Iemand vertelt me iets dat me doet tintelen: over een huis dat verzadigd is met jezelf.

Een huis moet zijn als een fijne trui, zeg ik altijd. Je moet erin wegkruipen,  het moet als een wollen trui om je heen zitten. Heerlijk vind ik het om te liggen op de bank met kop thee, boek, poes plaid.

Energie krijg ik elders, op reis, in de natuur, in de stad, bij anderen. Ik kan dan overlopen van plannen, bruisend en vol energie.

En dan kom ik thuis, en wentel ik me in mijn huis. Thee, plaid, bank, boek, poes en de energie is weg. (Behoorlijk overdreven hoor want ik ben altijd bezig, maar het blijft lastig om telkens weer mezelf op te peppen om aan de slag te gaan.)
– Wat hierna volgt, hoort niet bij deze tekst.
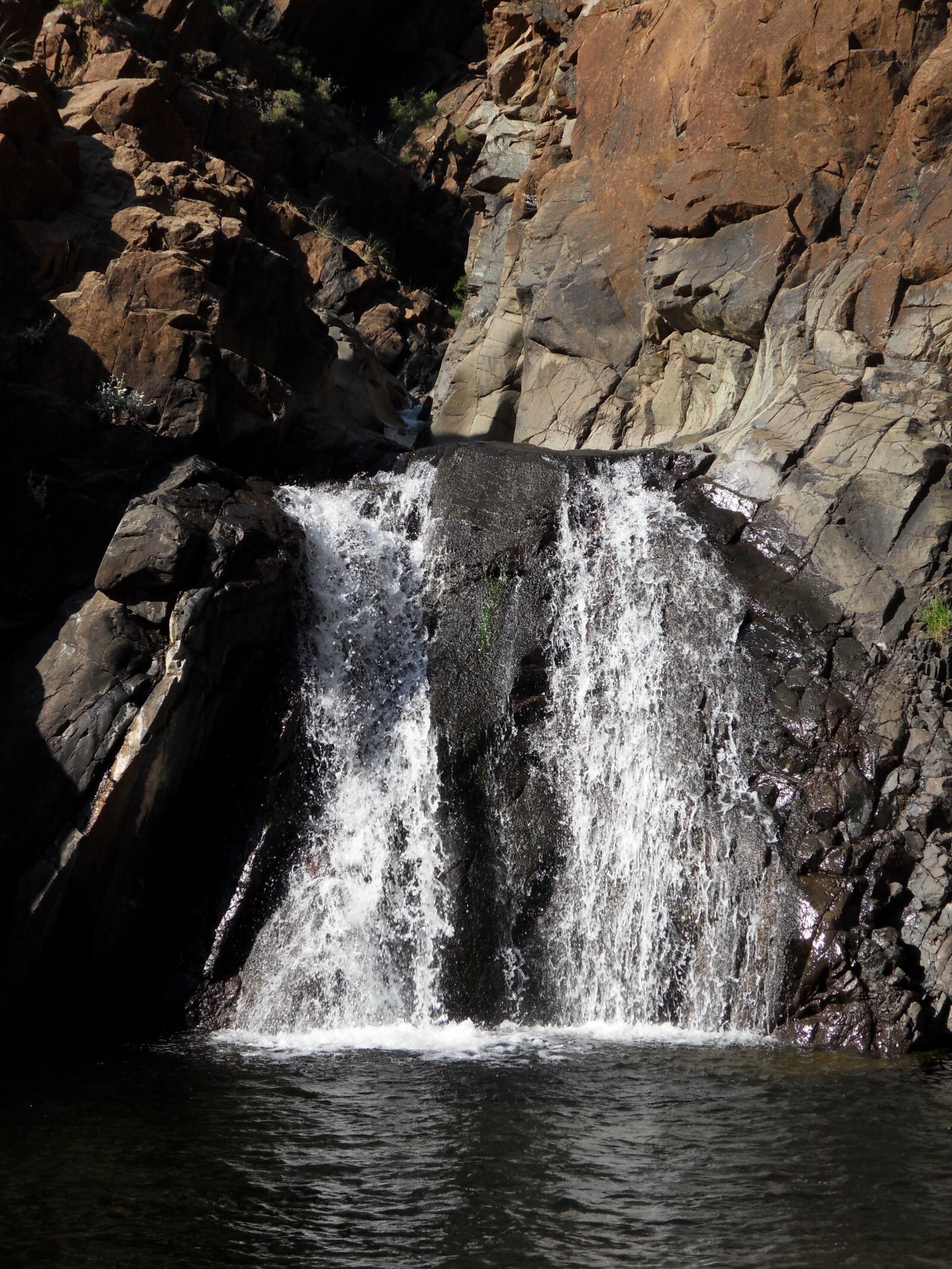 Samsung WB500, WB510 / VLUU WB500 /  HZ10W sample photo. Waterfall, water flow, mountain photography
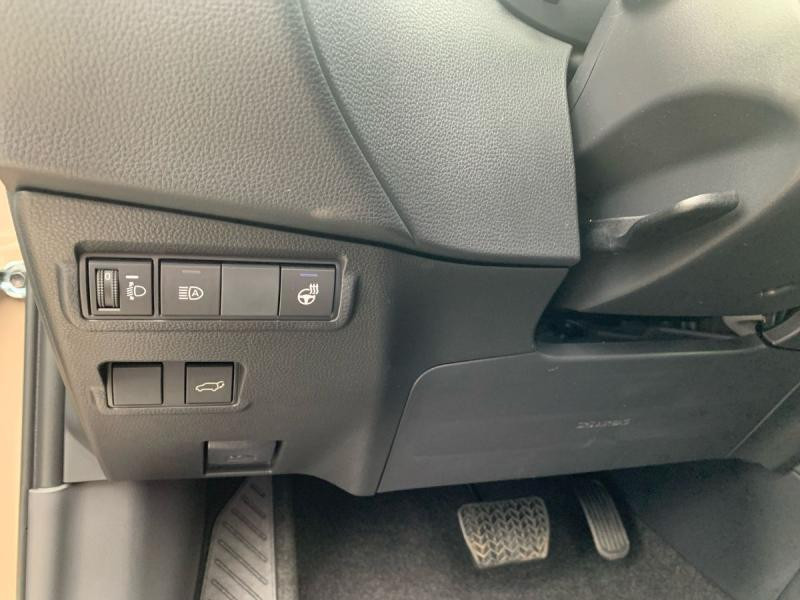 Used TOYOTA Corolla Cross 1800 STYLE + Sun Pack  BROWN € 41830 in Diekirch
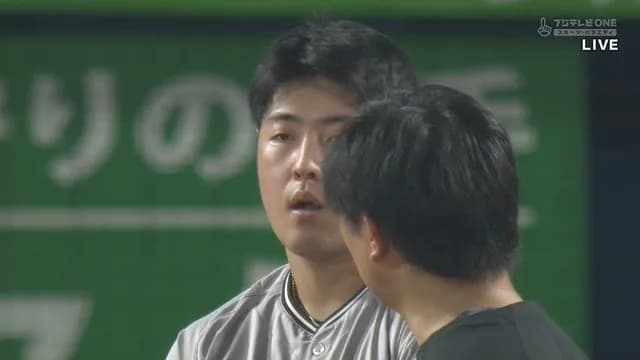 ヤクルト・奥川、危険球退場　岡本へ頭部死球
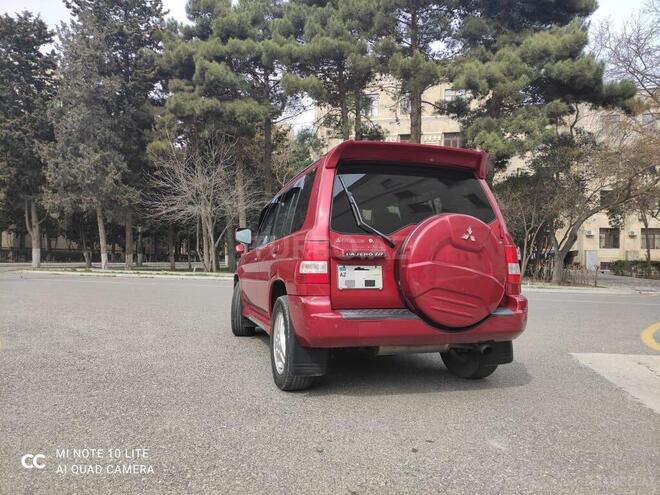Mitsubishi Pajero io 2001, 211,500 km - 1.8 l - Bakı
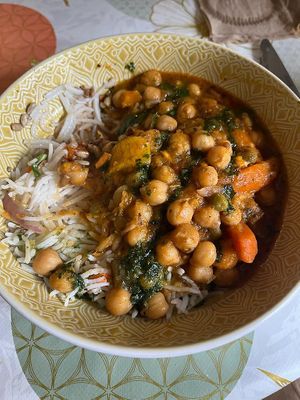 Buddha bowl - I ate the salad and seeds before j remembered to take a photo   at Thyme Out in Dingle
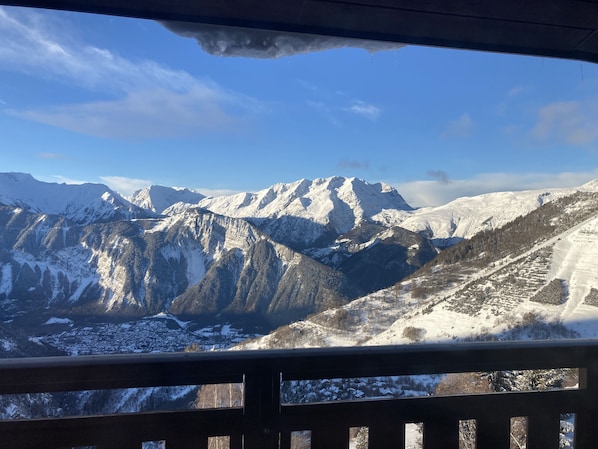 A mountain view from a balcony with snow-covered peaks and a clear sky. - 3 rooms flat -6 sleeps in Alpe d'Huez 1850m - Very beautiful released sight (Huez)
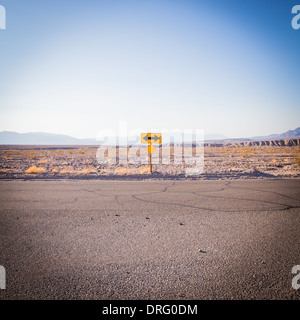 Death Valley, California. Segno di direzione nel mezzo del deserto. Foto Stock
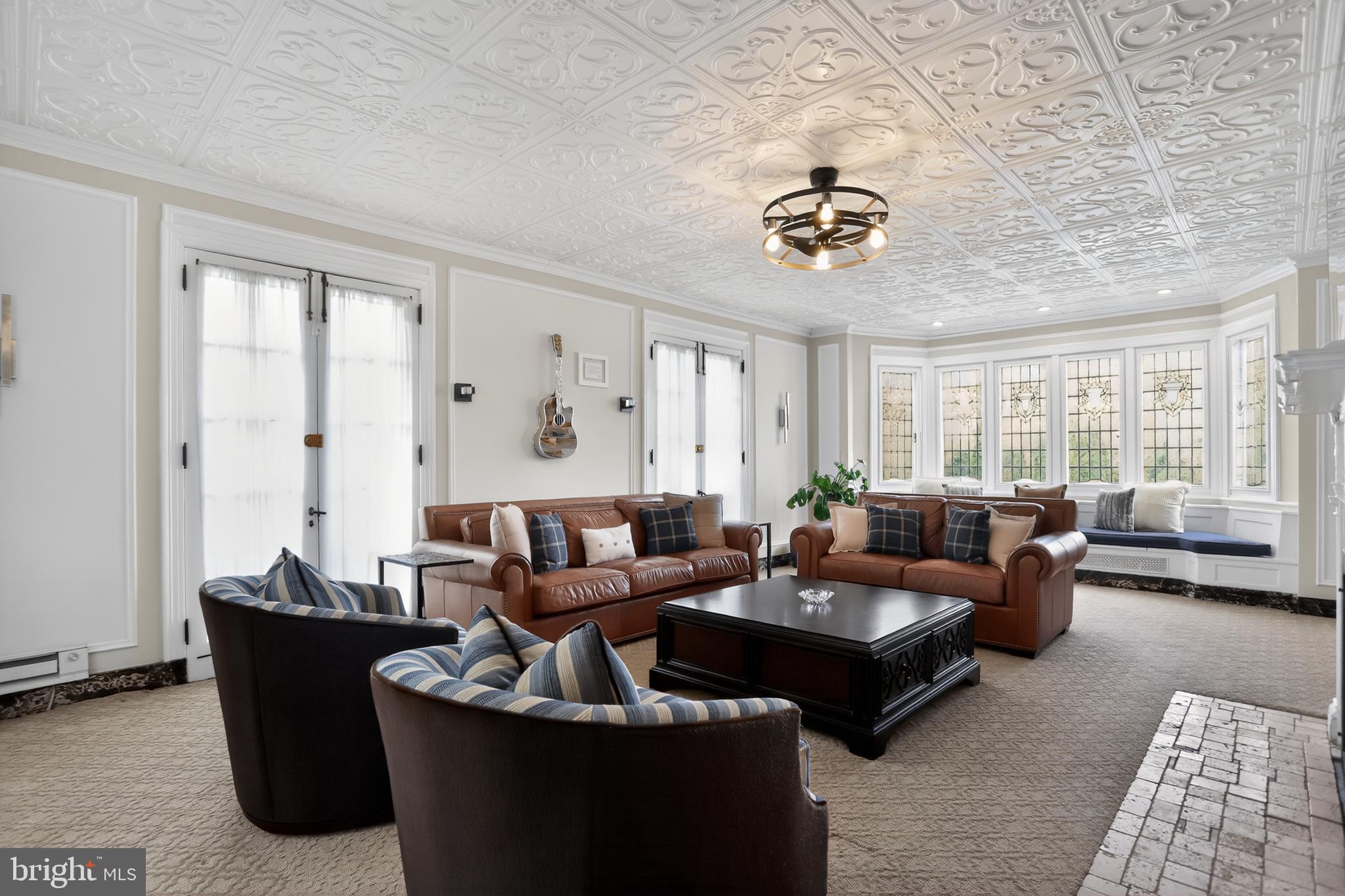 ELKINS PARK - Residential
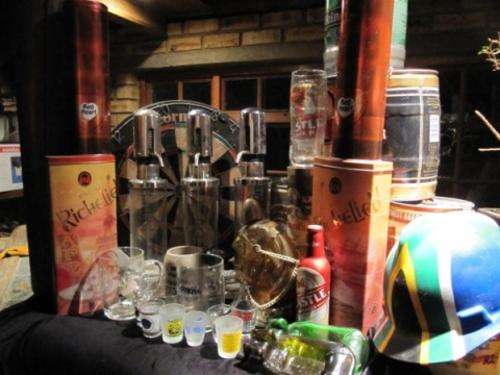 HUGE LOT BAR MEMORABILIA - Crazy Wednesday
Daar ging dit gesprek dus over. Dat je huis verzadigd is van jezelf en dat je daardoor thuis geen energie meer krijgt.

Daar ben ik al dagen over aan het nadenken, want er zit zeker iets in. Ik vind het heerlijk om thuis te zijn, maar mezelf aan de slag houden is wel een ding. En misschien is het begrip verzadiging wel de sleutel.

In een weekend bij Moeder repareer ik een lekkende kraan, hang een schilderijtje opnieuw op, haal de kelder leeg, zoek de klerenkast uit. Thuis blijven die klusjes tijden liggen.

Ik schrijf altijd in mijn zitkamer, ik vind het raar om in mijn eigen huis boven in een werkkamer te zitten. Maar die zitkamer geeft wel warmte en gezelligheid, geen energie. Misschien moet ik meer gaan werken met een laptop in een café. Thuis voor mijn hobby’s houden. Of een werkkamer inrichten elders in huis.

Denk eens met me mee: heb je er ook last van dat je ineenzijgt zodra je thuis komt? En wat kun je daar aan doen?